Given records section start

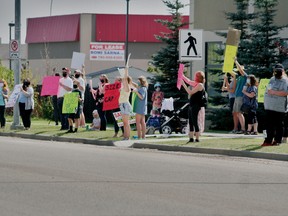 Beaumontonians held a protest outside Leduc-Beaumont MLA Brad Rutherford's office on Friday, Aug. 21 to ask the province for further educational funding for educational programs and more educational assistants in the classrooms once students go back to school in September.
(Alex Boates)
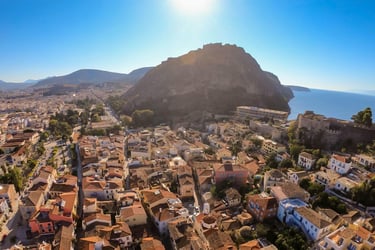 Aerial view of Nafplio old town and Palamidi Fortress under a bright sun in Greece.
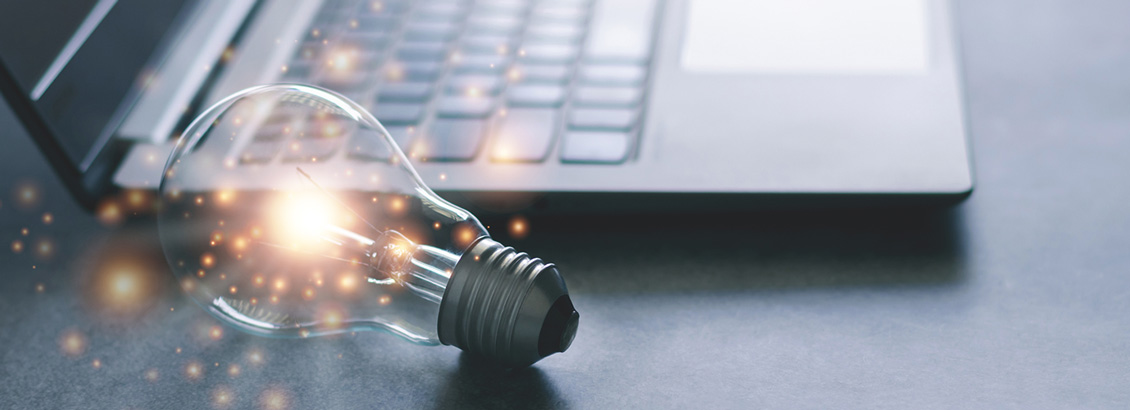 Bombillo Brillando Junto a Laptop para Representar el Éxito de Tácticas con Creadores de Contenido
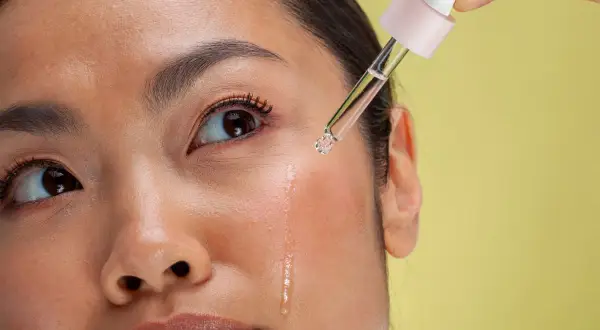 Kropla serum z pipetki spada na policzek kobiety. To może być retinol, który pomaga w pielęgnacji skóry.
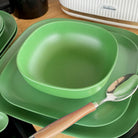 bamboo cereal bowl 15cm on 22cm and 26cm plates in classic green, iconic collection, close-up with spoon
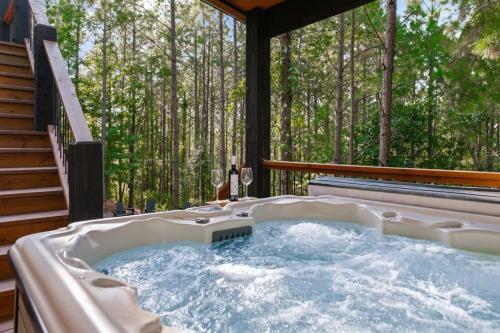 un jacuzzi en una terraza con árboles en New Cabin w Hot Tub + Views Sleeps 12, en Broken Bow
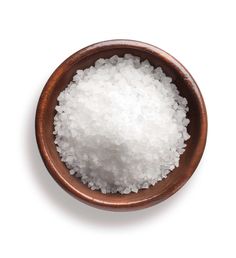 a bowl filled with white sugar on top of a table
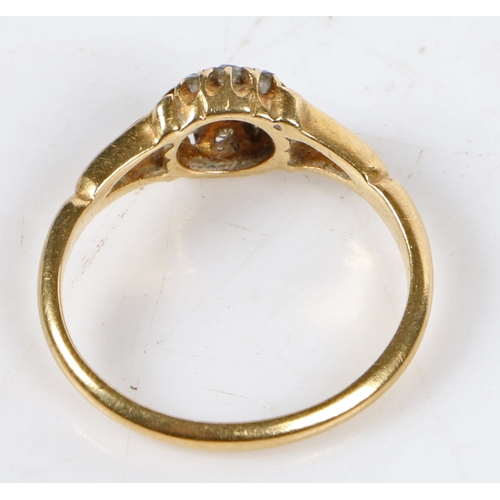 18 - An 18 carat gold ring set with a central diamond surrounded by a band of eight diamond chips, ring s...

Given records section end

§ **Work to complete**
Set down the entries word for word, omitting all pictures.

§ **Exercise answer**
 Beaumontonians held a protest outside Leduc-Beaumont MLA Brad Rutherford's office on Friday, Aug. 21 to ask the province for further educational funding for educational programs and more educational assistants in the classrooms once students go back to school in September.
(Alex Boates)
 Aerial view of Nafplio old town and Palamidi Fortress under a bright sun in Greece.
 Bombillo Brillando Junto a Laptop para Representar el Éxito de Tácticas con Creadores de Contenido
 Kropla serum z pipetki spada na policzek kobiety. To może być retinol, który pomaga w pielęgnacji skóry.
 bamboo cereal bowl 15cm on 22cm and 26cm plates in classic green, iconic collection, close-up with spoon
 un jacuzzi en una terraza con árboles en New Cabin w Hot Tub + Views Sleeps 12, en Broken Bow
 a bowl filled with white sugar on top of a table
 18 - An 18 carat gold ring set with a central diamond surrounded by a band of eight diamond chips, ring s...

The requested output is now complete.